*Work order*: When the string "Facebook" is part of a line in the data below, report the whole line.

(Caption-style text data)
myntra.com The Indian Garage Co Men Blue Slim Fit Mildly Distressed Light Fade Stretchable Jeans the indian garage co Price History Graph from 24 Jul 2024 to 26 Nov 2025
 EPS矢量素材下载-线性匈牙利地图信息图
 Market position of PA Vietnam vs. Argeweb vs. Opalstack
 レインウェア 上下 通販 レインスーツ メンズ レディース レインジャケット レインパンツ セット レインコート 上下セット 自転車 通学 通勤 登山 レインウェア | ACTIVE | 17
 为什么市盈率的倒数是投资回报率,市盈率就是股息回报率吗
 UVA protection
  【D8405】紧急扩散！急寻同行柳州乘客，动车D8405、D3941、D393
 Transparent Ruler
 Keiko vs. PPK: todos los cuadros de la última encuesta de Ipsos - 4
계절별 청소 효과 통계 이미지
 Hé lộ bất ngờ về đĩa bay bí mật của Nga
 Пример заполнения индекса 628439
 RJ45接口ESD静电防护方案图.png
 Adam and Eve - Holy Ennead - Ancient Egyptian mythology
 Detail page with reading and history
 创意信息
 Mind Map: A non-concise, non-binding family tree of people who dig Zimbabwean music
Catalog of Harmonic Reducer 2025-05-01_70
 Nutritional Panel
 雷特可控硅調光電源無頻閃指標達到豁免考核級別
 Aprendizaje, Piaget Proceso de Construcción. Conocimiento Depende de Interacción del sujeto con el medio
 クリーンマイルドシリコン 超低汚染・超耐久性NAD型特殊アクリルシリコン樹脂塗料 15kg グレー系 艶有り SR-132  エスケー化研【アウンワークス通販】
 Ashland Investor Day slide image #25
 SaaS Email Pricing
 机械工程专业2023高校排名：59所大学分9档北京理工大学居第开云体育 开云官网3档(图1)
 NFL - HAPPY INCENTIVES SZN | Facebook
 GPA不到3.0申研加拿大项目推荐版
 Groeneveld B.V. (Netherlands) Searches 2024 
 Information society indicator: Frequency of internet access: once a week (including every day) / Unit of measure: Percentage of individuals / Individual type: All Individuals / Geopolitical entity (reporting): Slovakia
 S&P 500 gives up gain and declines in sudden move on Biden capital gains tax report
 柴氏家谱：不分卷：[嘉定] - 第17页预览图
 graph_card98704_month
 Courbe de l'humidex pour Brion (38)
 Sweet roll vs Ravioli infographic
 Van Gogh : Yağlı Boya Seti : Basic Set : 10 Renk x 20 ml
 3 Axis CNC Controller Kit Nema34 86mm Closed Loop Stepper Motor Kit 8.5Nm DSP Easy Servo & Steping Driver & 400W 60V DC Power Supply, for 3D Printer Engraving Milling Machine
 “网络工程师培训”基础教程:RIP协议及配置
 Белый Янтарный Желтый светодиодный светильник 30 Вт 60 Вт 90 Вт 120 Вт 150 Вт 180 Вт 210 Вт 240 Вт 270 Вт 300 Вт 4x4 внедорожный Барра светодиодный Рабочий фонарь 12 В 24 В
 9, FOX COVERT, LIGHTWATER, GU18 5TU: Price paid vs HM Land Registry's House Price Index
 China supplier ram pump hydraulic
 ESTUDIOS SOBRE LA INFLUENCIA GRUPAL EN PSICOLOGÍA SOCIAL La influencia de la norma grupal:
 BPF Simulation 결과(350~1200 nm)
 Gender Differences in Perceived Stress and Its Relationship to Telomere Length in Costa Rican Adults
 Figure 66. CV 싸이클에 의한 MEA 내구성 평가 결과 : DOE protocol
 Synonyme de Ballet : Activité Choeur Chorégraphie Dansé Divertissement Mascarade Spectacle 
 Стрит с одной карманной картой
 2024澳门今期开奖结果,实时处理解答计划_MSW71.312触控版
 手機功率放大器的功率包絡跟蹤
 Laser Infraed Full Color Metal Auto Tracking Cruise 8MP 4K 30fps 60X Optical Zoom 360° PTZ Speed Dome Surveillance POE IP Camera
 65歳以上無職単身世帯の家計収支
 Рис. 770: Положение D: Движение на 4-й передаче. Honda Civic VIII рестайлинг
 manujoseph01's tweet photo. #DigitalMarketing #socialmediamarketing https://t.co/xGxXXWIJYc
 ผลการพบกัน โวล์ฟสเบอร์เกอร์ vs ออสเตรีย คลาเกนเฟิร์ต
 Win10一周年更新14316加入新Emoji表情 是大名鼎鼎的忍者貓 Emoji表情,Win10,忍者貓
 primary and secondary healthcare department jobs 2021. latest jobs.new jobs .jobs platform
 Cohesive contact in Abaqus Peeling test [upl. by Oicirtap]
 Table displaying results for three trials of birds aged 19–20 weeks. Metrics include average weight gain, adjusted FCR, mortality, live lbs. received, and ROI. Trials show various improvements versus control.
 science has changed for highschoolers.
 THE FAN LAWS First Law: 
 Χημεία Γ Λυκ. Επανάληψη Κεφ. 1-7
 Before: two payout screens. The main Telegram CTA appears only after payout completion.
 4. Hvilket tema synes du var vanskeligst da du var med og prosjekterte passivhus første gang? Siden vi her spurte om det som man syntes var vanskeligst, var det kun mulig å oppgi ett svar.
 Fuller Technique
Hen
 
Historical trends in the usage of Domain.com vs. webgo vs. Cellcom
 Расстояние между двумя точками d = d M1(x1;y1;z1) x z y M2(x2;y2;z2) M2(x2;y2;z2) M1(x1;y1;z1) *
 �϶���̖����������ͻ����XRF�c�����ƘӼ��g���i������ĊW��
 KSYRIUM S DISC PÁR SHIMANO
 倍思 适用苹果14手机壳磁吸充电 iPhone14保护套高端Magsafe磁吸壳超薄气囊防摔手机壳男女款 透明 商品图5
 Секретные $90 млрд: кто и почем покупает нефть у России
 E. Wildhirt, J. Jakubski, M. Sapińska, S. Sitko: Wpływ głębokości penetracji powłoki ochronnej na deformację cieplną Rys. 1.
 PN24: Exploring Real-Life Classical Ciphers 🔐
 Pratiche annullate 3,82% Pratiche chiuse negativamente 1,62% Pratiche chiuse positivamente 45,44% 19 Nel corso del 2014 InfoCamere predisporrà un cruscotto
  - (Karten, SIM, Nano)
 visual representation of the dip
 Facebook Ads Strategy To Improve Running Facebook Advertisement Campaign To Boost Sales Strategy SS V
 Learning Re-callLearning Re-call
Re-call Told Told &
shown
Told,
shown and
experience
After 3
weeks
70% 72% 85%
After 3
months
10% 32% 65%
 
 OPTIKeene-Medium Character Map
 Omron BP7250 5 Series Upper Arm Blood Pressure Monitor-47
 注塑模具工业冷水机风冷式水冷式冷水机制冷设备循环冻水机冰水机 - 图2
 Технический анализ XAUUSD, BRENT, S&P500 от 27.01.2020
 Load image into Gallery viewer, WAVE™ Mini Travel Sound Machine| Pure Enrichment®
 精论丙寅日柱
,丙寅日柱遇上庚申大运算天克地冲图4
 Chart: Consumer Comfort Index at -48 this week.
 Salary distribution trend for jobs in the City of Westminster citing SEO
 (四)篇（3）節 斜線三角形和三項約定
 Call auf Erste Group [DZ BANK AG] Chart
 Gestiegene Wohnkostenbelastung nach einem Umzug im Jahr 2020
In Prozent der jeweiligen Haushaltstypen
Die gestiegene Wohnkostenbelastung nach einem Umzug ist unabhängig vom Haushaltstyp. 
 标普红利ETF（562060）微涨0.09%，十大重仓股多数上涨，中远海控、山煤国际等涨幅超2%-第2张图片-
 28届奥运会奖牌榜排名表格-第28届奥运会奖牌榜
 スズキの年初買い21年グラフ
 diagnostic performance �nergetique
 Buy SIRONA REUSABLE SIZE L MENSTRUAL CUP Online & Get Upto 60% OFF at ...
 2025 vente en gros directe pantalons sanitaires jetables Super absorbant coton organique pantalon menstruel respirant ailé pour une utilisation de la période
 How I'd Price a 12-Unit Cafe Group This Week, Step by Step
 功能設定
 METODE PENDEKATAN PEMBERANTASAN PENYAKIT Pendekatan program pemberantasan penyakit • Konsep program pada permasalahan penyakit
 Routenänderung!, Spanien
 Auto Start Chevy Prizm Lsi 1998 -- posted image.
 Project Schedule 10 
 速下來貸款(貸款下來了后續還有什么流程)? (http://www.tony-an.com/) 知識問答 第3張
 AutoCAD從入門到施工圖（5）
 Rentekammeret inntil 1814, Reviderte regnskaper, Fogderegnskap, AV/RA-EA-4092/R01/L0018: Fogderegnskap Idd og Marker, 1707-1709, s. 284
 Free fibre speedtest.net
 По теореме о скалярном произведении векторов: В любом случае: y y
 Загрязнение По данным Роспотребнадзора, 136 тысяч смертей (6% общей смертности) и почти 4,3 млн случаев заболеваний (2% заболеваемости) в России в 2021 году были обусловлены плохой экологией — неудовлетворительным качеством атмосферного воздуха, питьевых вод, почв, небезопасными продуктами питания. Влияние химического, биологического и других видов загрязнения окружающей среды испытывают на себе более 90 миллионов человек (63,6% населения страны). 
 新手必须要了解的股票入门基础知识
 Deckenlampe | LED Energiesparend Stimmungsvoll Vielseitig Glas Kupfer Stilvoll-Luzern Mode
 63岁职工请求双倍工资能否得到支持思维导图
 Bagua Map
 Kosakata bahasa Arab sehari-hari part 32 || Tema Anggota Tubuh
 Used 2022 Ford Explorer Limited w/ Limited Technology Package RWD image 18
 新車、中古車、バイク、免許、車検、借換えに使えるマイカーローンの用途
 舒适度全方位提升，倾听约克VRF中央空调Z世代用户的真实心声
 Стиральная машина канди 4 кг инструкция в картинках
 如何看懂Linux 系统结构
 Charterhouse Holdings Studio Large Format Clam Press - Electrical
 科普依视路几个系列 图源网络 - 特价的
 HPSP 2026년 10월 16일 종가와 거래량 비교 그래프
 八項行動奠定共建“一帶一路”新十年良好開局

*Written answer*:
 NFL - HAPPY INCENTIVES SZN | Facebook
 Facebook Ads Strategy To Improve Running Facebook Advertisement Campaign To Boost Sales Strategy SS V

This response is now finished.